I got an issue when using json dump, I guess because I used variable name as "json" and that confuse Python as I got an error as
AttributeError: 'dict' object has no attribute 'dump'
I tried to change the variables but given that most of my codes were getting from the sample of Lens.org and I got no idea how to change. Could you please kindly suggest a way to fix it? BTW, I've already tried to update the version of my Python and json but it still doesn't work.

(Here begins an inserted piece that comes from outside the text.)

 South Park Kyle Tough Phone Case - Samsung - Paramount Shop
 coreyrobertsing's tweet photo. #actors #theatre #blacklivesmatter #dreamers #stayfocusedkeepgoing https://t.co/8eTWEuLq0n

I also got an error for the following line:
scroll(scroll_id=None, file=f)
#TypeError: scroll() got an unexpected keyword argument 'file'
With this, could you please let me know how to replace "file=f" in my codes?
Here is what my entire codes look like, and thanks for pointing out the code blocks!
iimport requests
import time
import json
import itertools
import pandas as pd
import csv
import requests
import sys
import time
from pandas import json_normalize
import flatten_json as flatten
url = 'https://api.lens.org/patent/search'
# include fields
include = '''["biblio", "doc_key"]'''
# request body with scroll time of 1 minute
request_body = '''{
"query": {
"bool": {
"must": [
{
"match": {
"class_cpc.symbol": "Y02E10/545"
}
}
]
}
},
"include": %s,
"scroll": "1m"
}''' % include
headers = {'Authorization': 'secret', 'Content-Type': 'application/json'}
# Recursive function to scroll through paginated results
def scroll(scroll_id):
if scroll_id is not None:
global request_body
request_body = '''{"scroll_id": "%s", "include": %s}''' % (scroll_id, include)
# make api request
response = requests.post(url, data=request_body, headers=headers)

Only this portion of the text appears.